● **Work task**
Working from the data below, write out exactly the lines from its first through the line that contains "Compressing the clay", both ends included and pictures omitted.

● **Data provided**
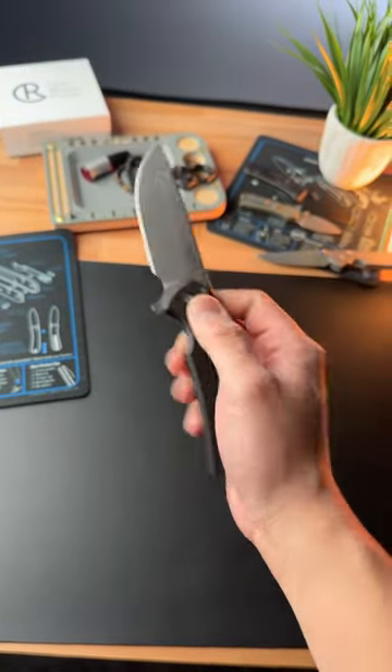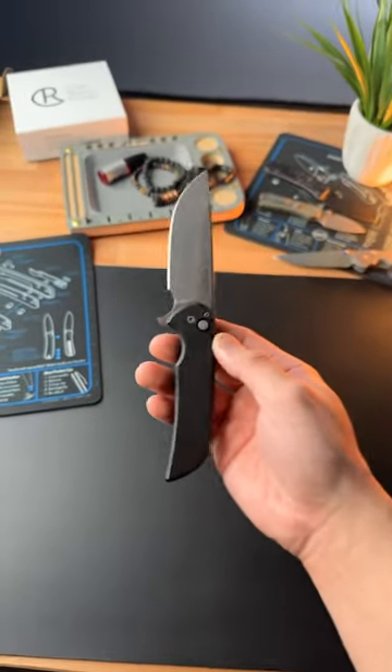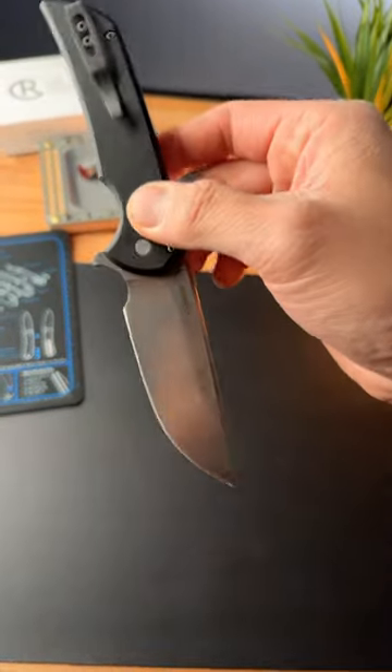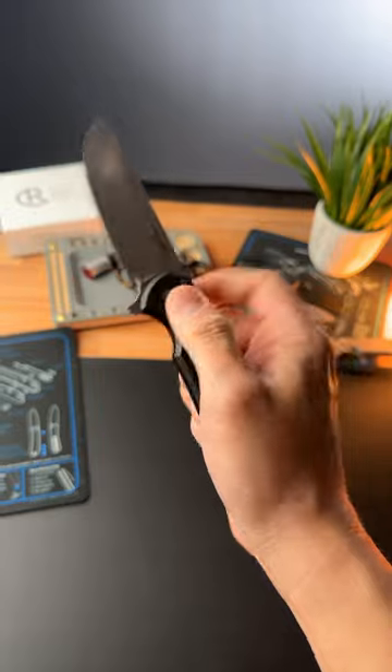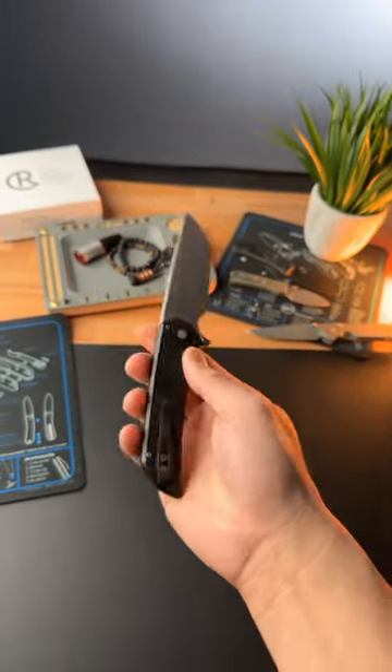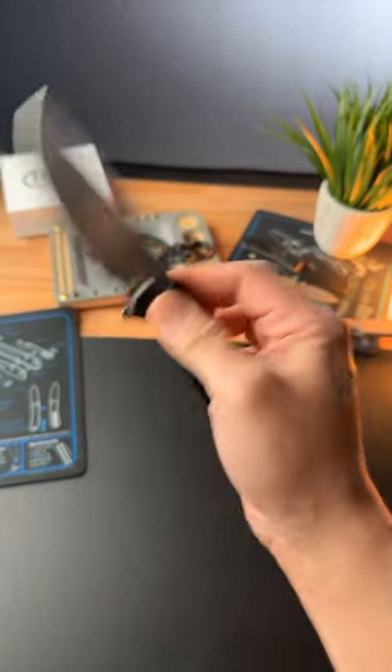This is a knife that you do not want to miss out on. It's called the Protech Mordax and this thing has Magna Cut Premium Steel. Simple push of a button, this thing absolutely guillotines. It's got to be the most minimalistic knife out of my entire knife collection.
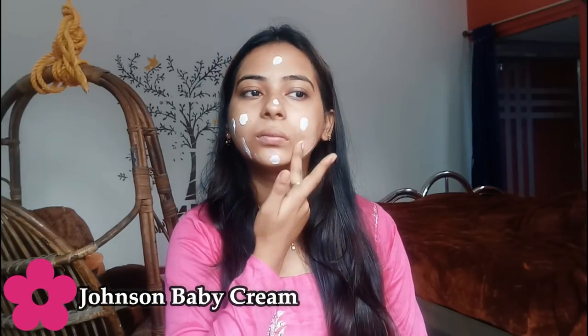First I have to clean my face. Now I am going to use Johnson's Baby Cream as a moisturizer because my skin is very dry due to the weather. You can use any moisturizer you have. If your skin is oily, you can skip the moisturizer. But please never skip this step if your skin is dry.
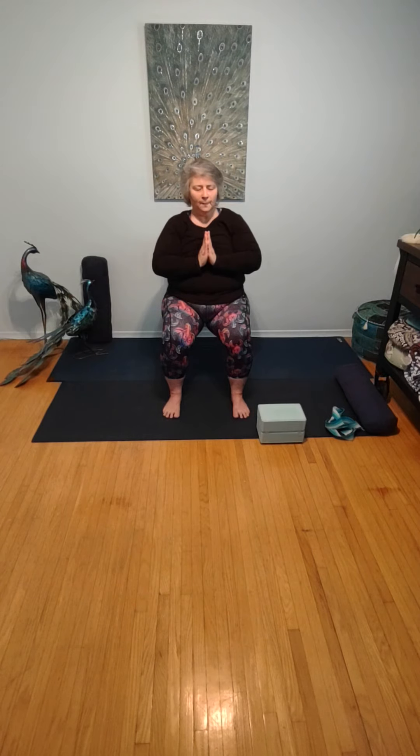Thank you so much for participating in this class today. I hope you enjoyed the alternative poses in warrior and how to use blocks if you have them available. Have a beautiful day. Namaste.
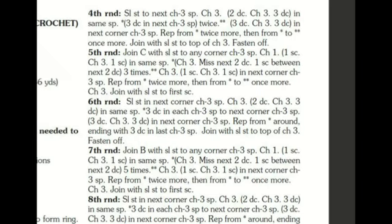In round seven we join color B again, slip stitch to any corner, chain one, then one single crochet, chain three, and one single crochet into the same spot. Basically what you did in rounds four and five is being repeated here in round seven — there's just more gapping between the corners because the square has gotten bigger. Follow the same pattern: what you do on one runway side gets repeated on each of the four sides until you slip stitch all the way around.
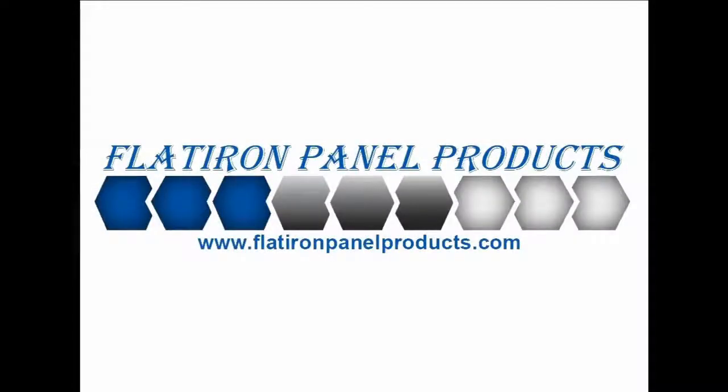Have questions or want to get a custom quote? Call 303-664-9601 today!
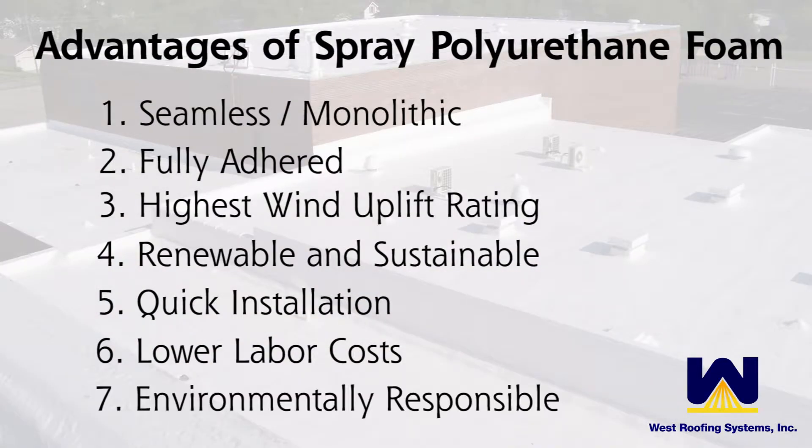One other advantage to the spray polyurethane roof system is that it's environmentally responsible. There are numerous aspects of the system that contribute to environmental stewardship. The polyurethane foams have zero ozone-depleting potential (ODP) and ultra-low global warming potential (GWP) blowing agents. Additionally, with today's high-solid silicone coating technology, it has ultra-low VOCs — lower than the paint you'd use on the wall of your house.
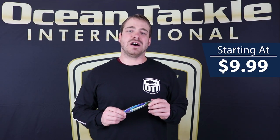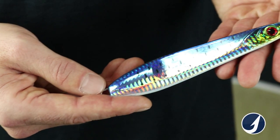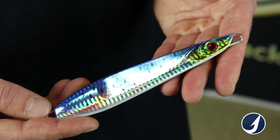The Jaeger jig has an asymmetrical body, rear weighted in the tail, so it gives it a really erratic fluttering action on the drop. Also on the retrieve too, while speed jigging.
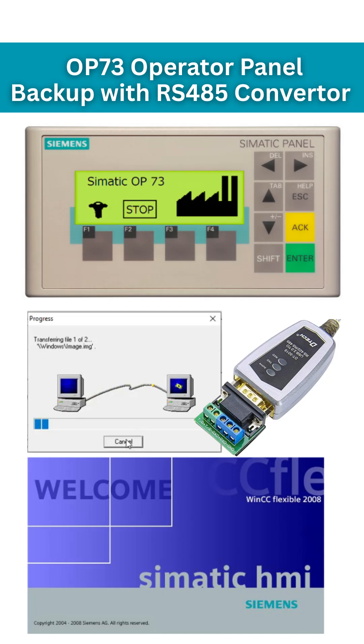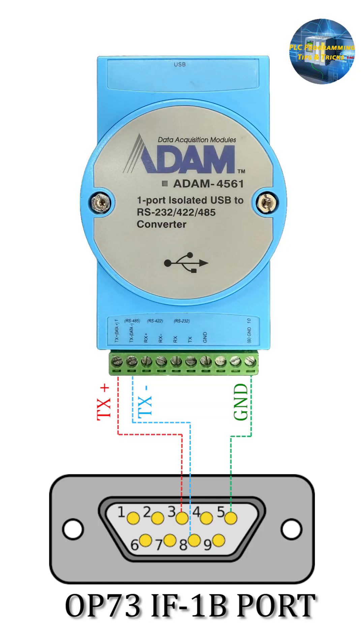To download or take backup from the Operator Panel OP73, first of all we have to prepare the cable using a USB to RS485 converter. You can follow this wiring diagram which shows the RS485 to HMI port 1B connections.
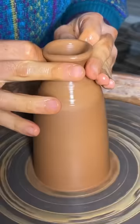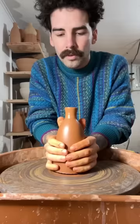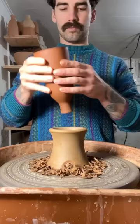Compressing the clay with my rib and collaring in the neck and pulling it up, cleaning it off, cutting it off the wheel head. I'll let these dry overnight until they're ready to trim.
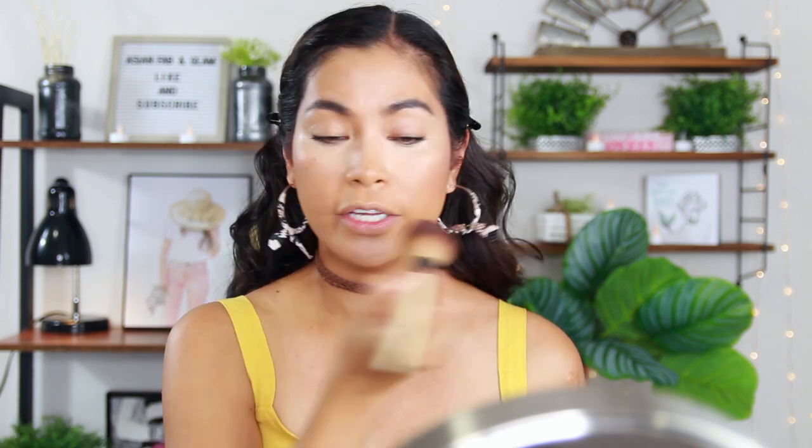Now I'm going to do my bronzer. I'm going to use this Fit Me Maybelline New York Matte and Poreless 360. I'm trying to figure out what's the best bronzer — liquid, stick, or powder. I notice powder is easy to control. Before I do my eyeshadow, I'm going to put a little highlight here as an experiment. For that I'm going to use Rare Beauty's luminizer.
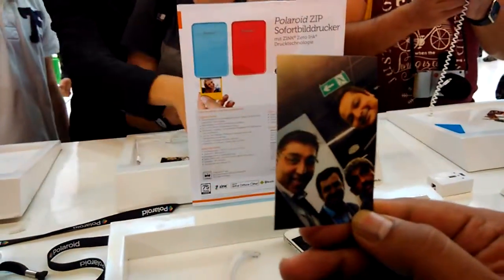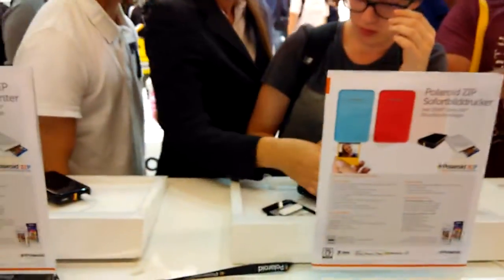That's pretty awesome, isn't it? And that's the Polaroid Zip.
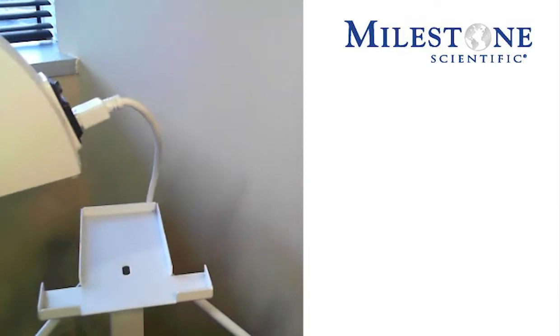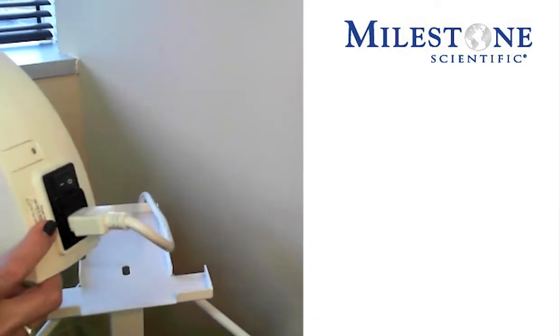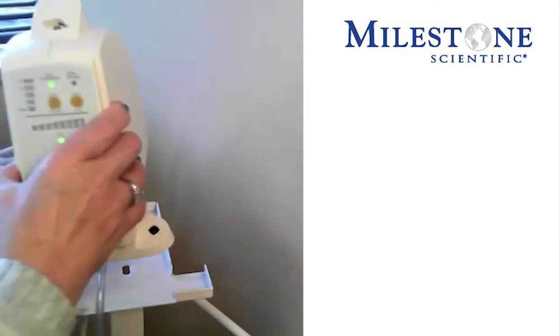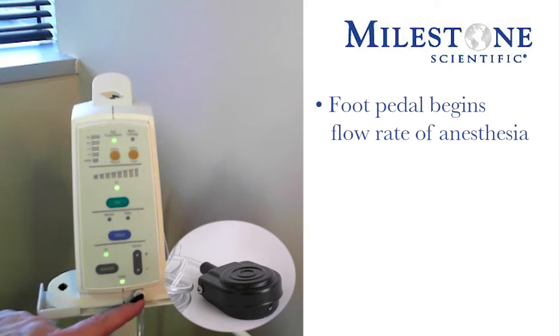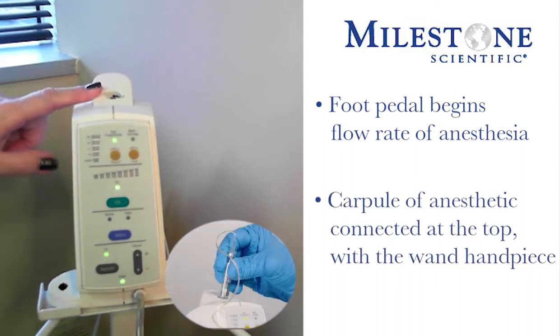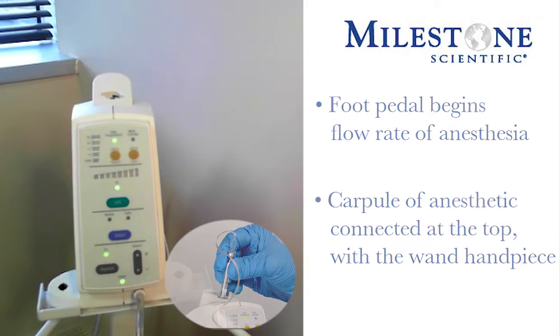The STA Single Tooth Anesthesia System: the plug gets attached to the back of the instrument, and there is a power switch in the back. The foot pedal will get attached just below the volume indicator, and that foot pedal is going to be the way that you will begin your flow rates of anesthesia. The carpule of anesthetic will be engaged into the top part of the instrument itself with the wand handpiece.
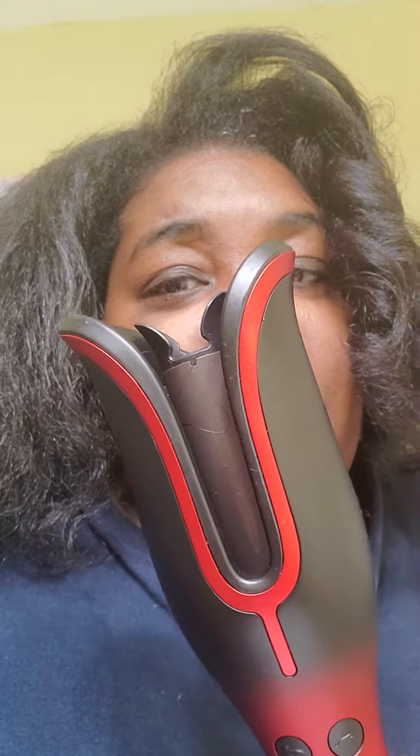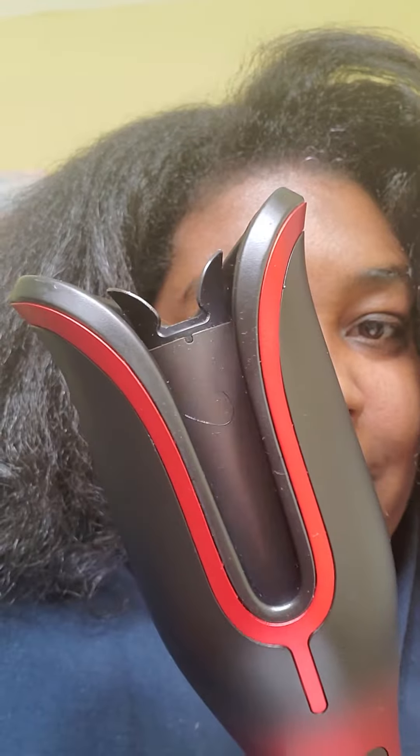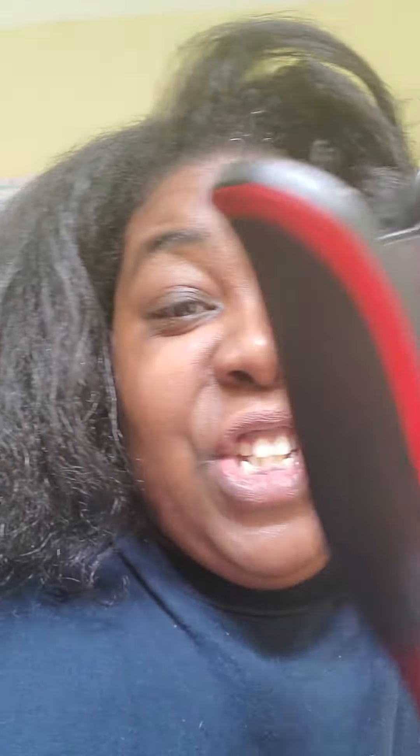Tuck it in there, put your hair through there — it twirls. Look at that. It catches all those little hairs — you know those little hairs — the backs, the back hairs, the breakage in the front hairs. It catches it all, it spins it, and it comes out into these beautiful curls. Look at that.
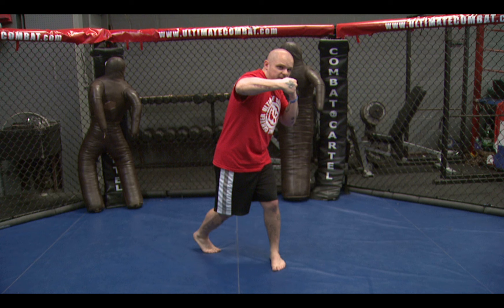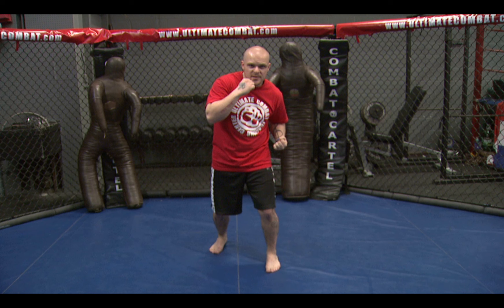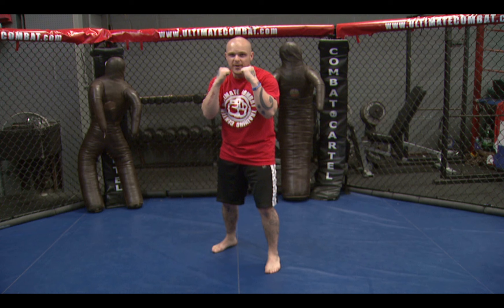The first thing we do is change our level by bending at the knees. Then we transfer our body weight back and stand up, shooting the uppercut straight from the chin. A lot of times you'll see people throw uppercuts by dropping their hand to their waist and scooping it — this leaves our chin wide open. So we always want to stay right here. Transfer the body weight by turning the foot and hip.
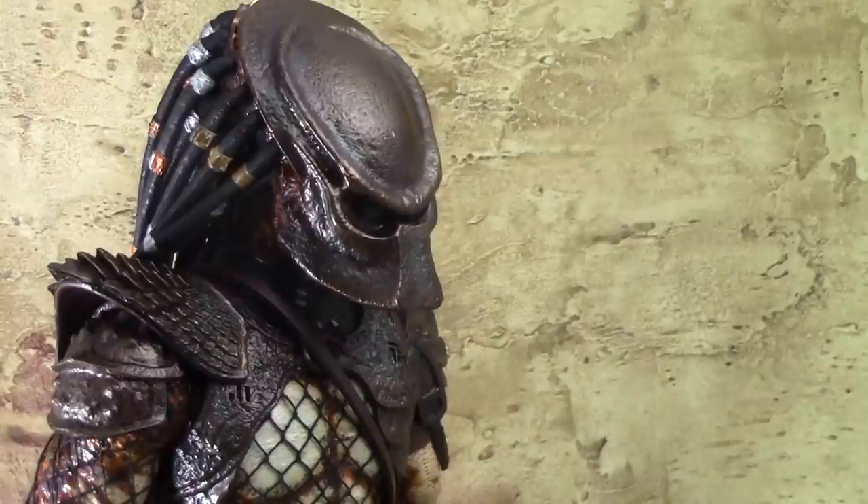Hey everybody, welcome to another CDX review. This is Luis, otherwise known as Sentai Seiya on Collection DX. And today we're checking out a Predator — the City Hunter Predator to be precise. This is from the movie Predator 2, and the toy was made by Hot Toys.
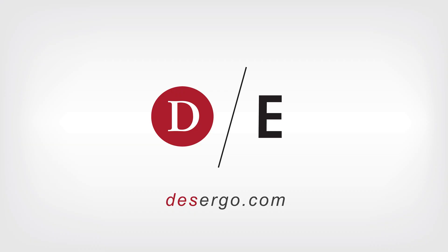Thanks for watching. We'll see you next time.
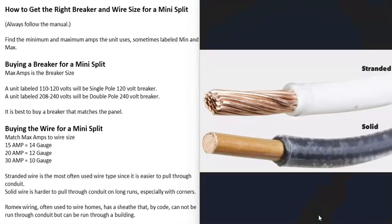There can be what's called stranded wire or solid wire — either can be used. But stranded wire is the most commonly used when you go and install a mini split, mainly because it's easier to pull. If you have to pull that wire through conduit, especially when there are a lot of corners, it's much easier to run the stranded wire. So it's best to get stranded wire, especially if you're going to pull it through conduit.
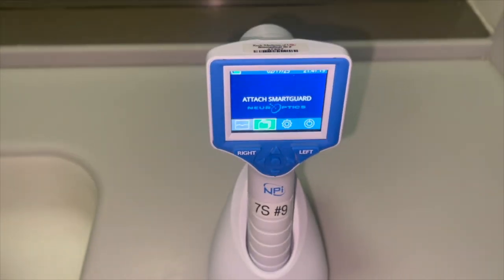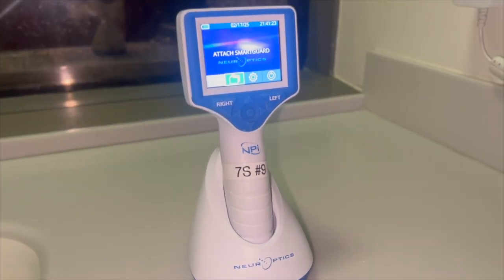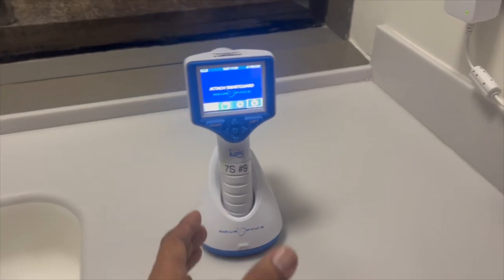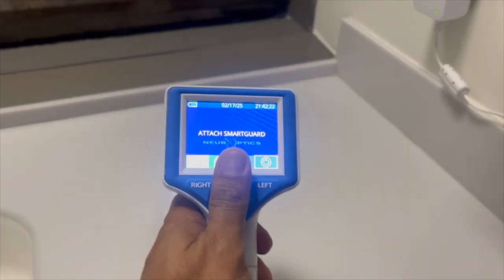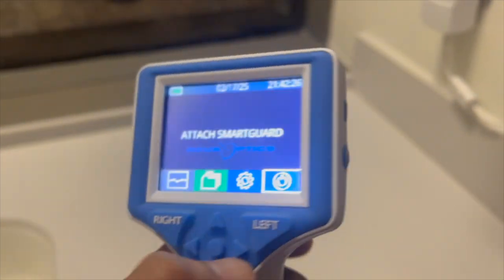First, obtain a Pupilometer from the charging station. You will know the device is fully charged by a green indicator light on the charging station, or is actively charging if there is a blue indicator light on the charging station. The device will wake up automatically when removed from the charging dock.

● **Task response**
This is a knife that you do not want to miss out on. It's called the Protech Mordax and this thing has Magna Cut Premium Steel. Simple push of a button, this thing absolutely guillotines. It's got to be the most minimalistic knife out of my entire knife collection.
First I have to clean my face. Now I am going to use Johnson's Baby Cream as a moisturizer because my skin is very dry due to the weather. You can use any moisturizer you have. If your skin is oily, you can skip the moisturizer. But please never skip this step if your skin is dry.
Thank you so much for participating in this class today. I hope you enjoyed the alternative poses in warrior and how to use blocks if you have them available. Have a beautiful day. Namaste.
In round seven we join color B again, slip stitch to any corner, chain one, then one single crochet, chain three, and one single crochet into the same spot. Basically what you did in rounds four and five is being repeated here in round seven — there's just more gapping between the corners because the square has gotten bigger. Follow the same pattern: what you do on one runway side gets repeated on each of the four sides until you slip stitch all the way around.
Have questions or want to get a custom quote? Call 303-664-9601 today!
One other advantage to the spray polyurethane roof system is that it's environmentally responsible. There are numerous aspects of the system that contribute to environmental stewardship. The polyurethane foams have zero ozone-depleting potential (ODP) and ultra-low global warming potential (GWP) blowing agents. Additionally, with today's high-solid silicone coating technology, it has ultra-low VOCs — lower than the paint you'd use on the wall of your house.
The Jaeger jig has an asymmetrical body, rear weighted in the tail, so it gives it a really erratic fluttering action on the drop. Also on the retrieve too, while speed jigging.
To download or take backup from the Operator Panel OP73, first of all we have to prepare the cable using a USB to RS485 converter. You can follow this wiring diagram which shows the RS485 to HMI port 1B connections.
Compressing the clay with my rib and collaring in the neck and pulling it up, cleaning it off, cutting it off the wheel head. I'll let these dry overnight until they're ready to trim.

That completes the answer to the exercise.